Fixes JIT and ONNX export of image-only CNN policies by 0xadvait · Pull Request #6159 · isaac-sim/IsaacLab

0xadvait · 2026-06-11T23:53:41Z

Description

The CNNModel in isaaclab_rl.rsl_rl.models overrides get_latent to support image-only observations during training (e.g. the Isaac-Cartpole-RGB-* camera tasks, whose only observation group is the camera image). The export path was, however, left on the upstream wrappers: as_jit() / as_onnx() from rsl_rl always declare a 1D observation input. For image-only policies, the exported TorchScript module must be called with a zero-width placeholder tensor, and the exported ONNX graph declares a mandatory input obs with shape [1, 0]:

inputs: [('obs', [1, 0]), ('policy', [1, 3, 100, 100])]
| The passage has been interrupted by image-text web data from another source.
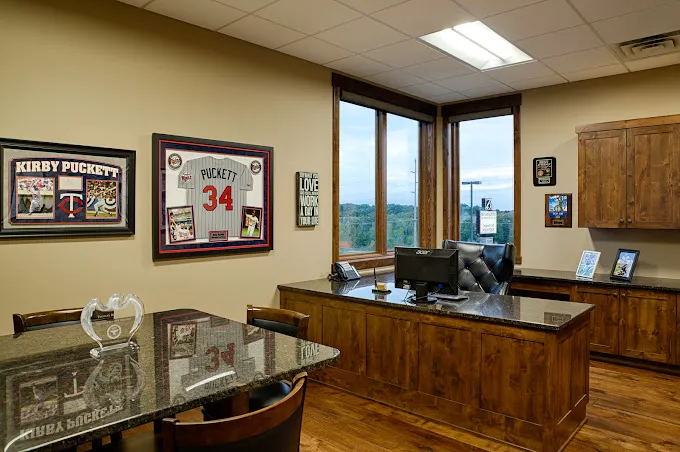 Bennerotte & Associates, P.A. Picture 6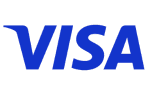 payment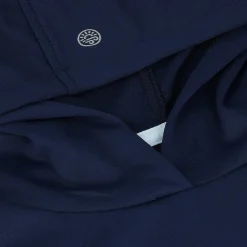 FootJoy Outerwear|Mens Golf Apparel^FJ Tepoerie un Hoodie Outerwear Puover Gof Appare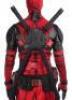 Lot #193 - DEADPOOL (2016) - Promotional Touring Deadpool Costume - 10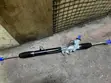 Steering Rack ya Isuzu D-MAX 4WD - 3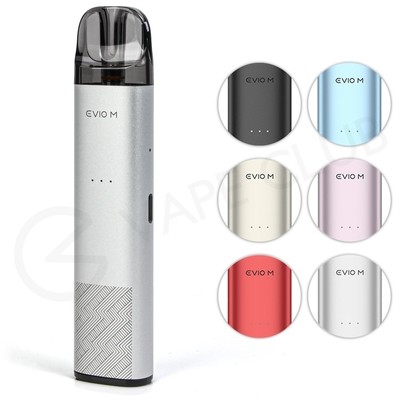 Joyetech Evio M Vape Kit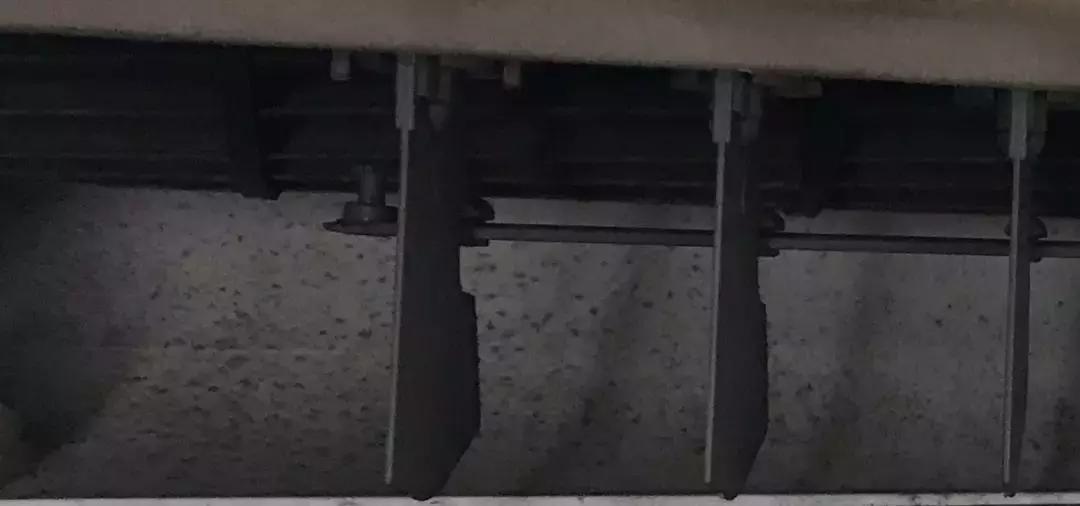 空调有多脏你知道吗,洗空调的时候才发现空调如此脏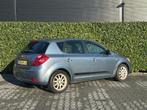 Kia cee'd 1.6 All Stars NL AUTO, NAP, AIRCO, PDC, 5-DEURS, Auto's, Kia, Parkeersensor, Gebruikt, 1591 cc, 4 cilinders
This is awkward to deploy (every consumer has to construct and feed an empty tensor) and zero-width inputs are rejected by some downstream toolchains.

Fix: override as_jit() / as_onnx() in the IsaacLab CNNModel to return image-only export wrappers when no 1D observation groups are active. The exported models then only take the 2D observation groups as inputs:

inputs: [('policy', [1, 3, 100, 100])]

Models with mixed 1D + 2D observation groups keep the upstream export interface unchanged.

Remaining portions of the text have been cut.